TASK INSTRUCTIONS: Reproduce the listing below exactly, beginning with its first line and ending with the line that holds "Rakuten - iPhone6PLUS"; pictures are not part of the copy.

SOURCE DATA:
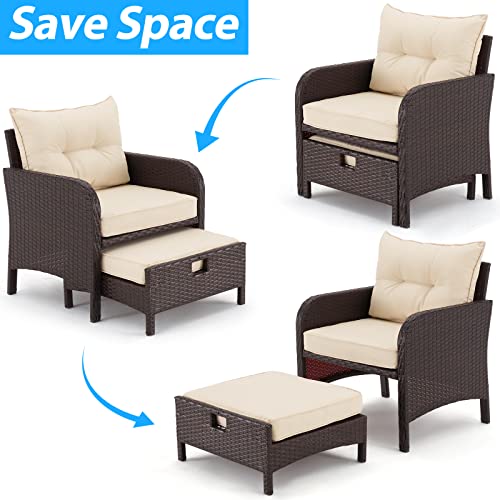 AVAWING 5 Pieces Patio Furniture Set, Outdoor Rattan Chairs with Tempered Glass Coffee Table, Ottomans & Soft Cushions, Wicker Conversation Bistro Set for Garden, Deck, Balcony, Poolside(Khaki)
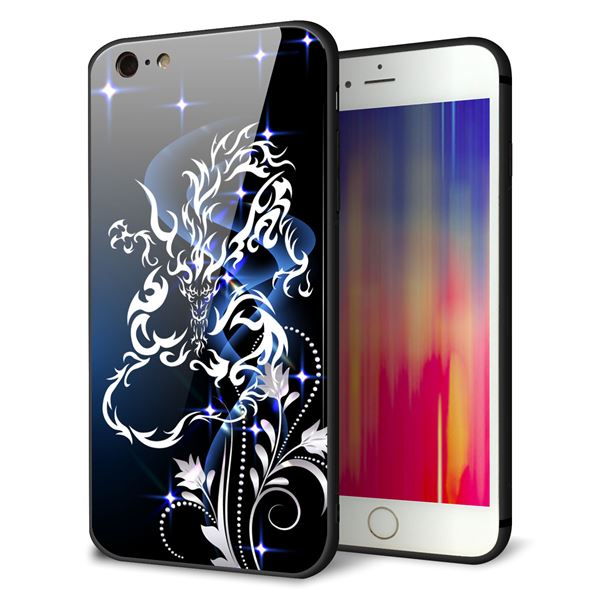 Rakuten - iPhone6PLUS ケース カバー 背面 ガラス TPU デザイン 【 1000 闇のシェンロン 】 印刷 光沢 MMLM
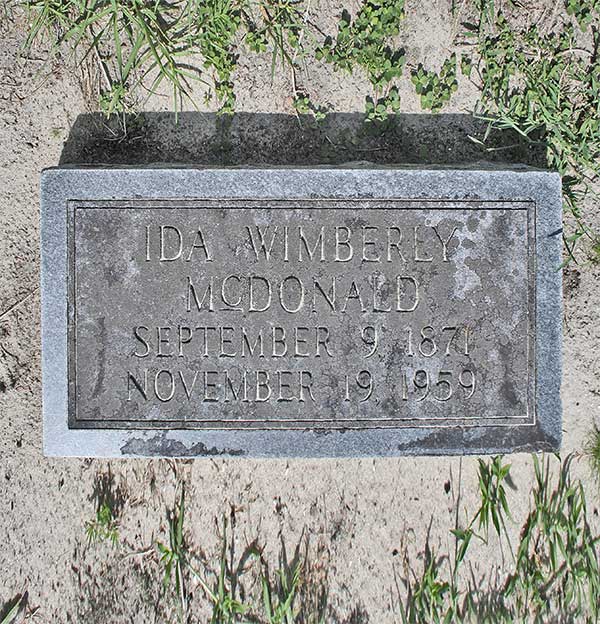 Ida Wimberly McDonald Gravestone Photo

COMPLETED TASK:
 AVAWING 5 Pieces Patio Furniture Set, Outdoor Rattan Chairs with Tempered Glass Coffee Table, Ottomans & Soft Cushions, Wicker Conversation Bistro Set for Garden, Deck, Balcony, Poolside(Khaki)
 Rakuten - iPhone6PLUS ケース カバー 背面 ガラス TPU デザイン 【 1000 闇のシェンロン 】 印刷 光沢 MMLM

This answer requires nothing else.